What is the main challenge when moving agentic AI systems to production?

The biggest challenge is the gap between a working experiment and a live application, which typically requires weeks of DevOps coordination, containerization work, and infrastructure provisioning. Once in production, teams also face limited visibility into agent decisions, tool calls, and output quality, making drift detection and root-cause analysis difficult.

How does Domino simplify deploying an agentic AI system?

Domino lets you deploy directly from a validated experiment run in the Experiment Manager, selecting the exact configuration, hardware tier, and auto-scaling policies. There is no translation layer or re-instrumentation — the same code developed and evaluated goes straight into production, with containerization and infrastructure setup handled automatically.

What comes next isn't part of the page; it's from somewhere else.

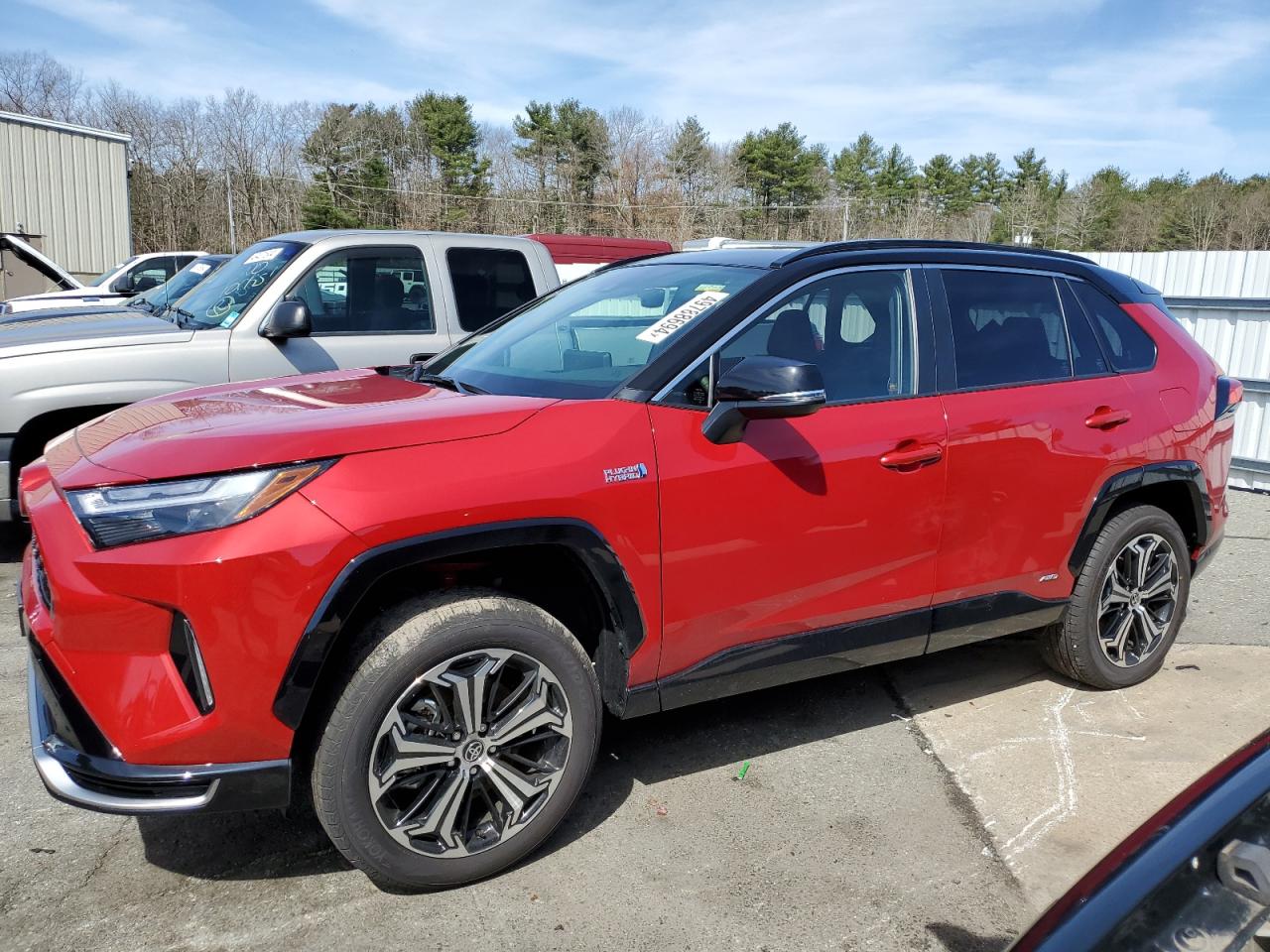 TOYOTA RAV4 PRIME 2023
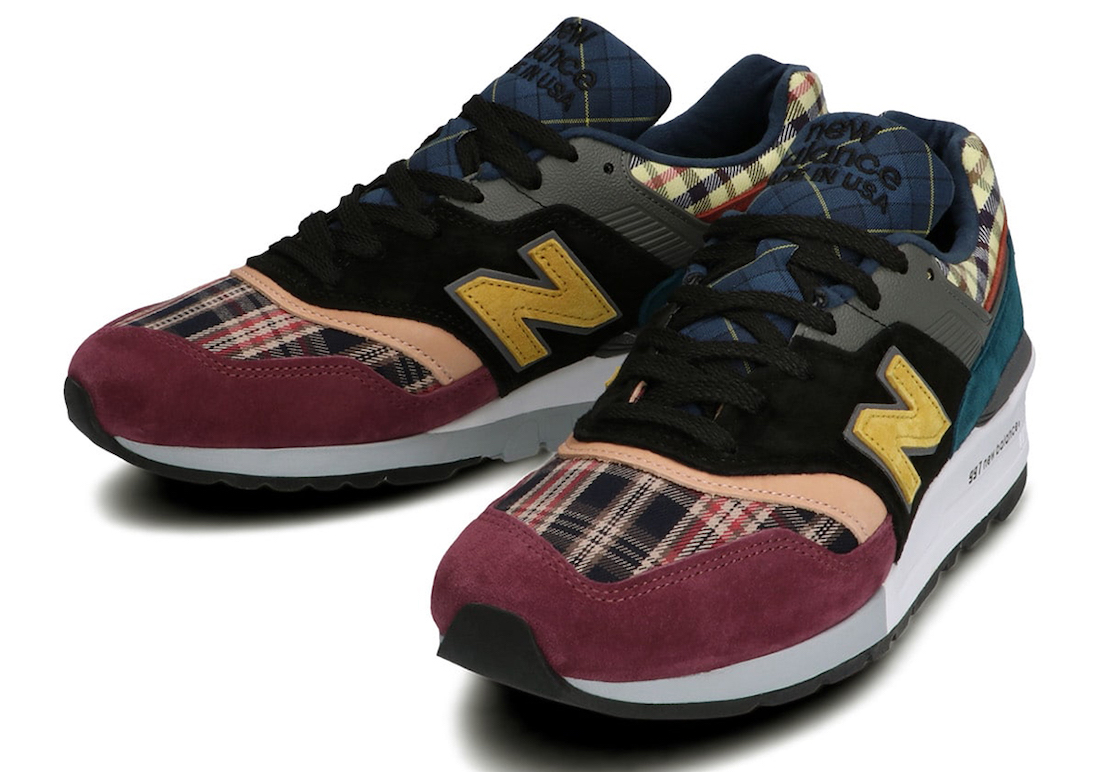 New Balance 997 Releases with Plaid Detailing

Can I deploy an agent directly from an experiment run in Domino?

Yes. In your project, navigate to Experiments, select the run you want to deploy, and click the '...' menu to launch the deployment wizard. The wizard pre-fills the code commit from the selected run. You then specify the entrypoint, hardware tier, auto-scaling policy, and access permissions.

Do I need to add new instrumentation for production tracing?

No. The same @add_tracing decorator and DominoRun context used during development automatically collect traces from real user interactions in production. No additional instrumentation is required.

What types of evaluations does Domino support for production tracing?

Domino supports two types of evaluations via log_evaluation(): Metrics (numeric values used for aggregation such as mean, median, and sum — for example, a quality score) and Labels (string values used for filtering and grouping — for example, an incident category or classification).

How can I monitor production quality over time without slowing down responses?

You can schedule Domino Jobs to run evaluators asynchronously against production traces on a set cadence. This keeps production responses fast while automatically versioning and reproducing evaluations. All results appear in the Performance tab of the deployed agent dashboard.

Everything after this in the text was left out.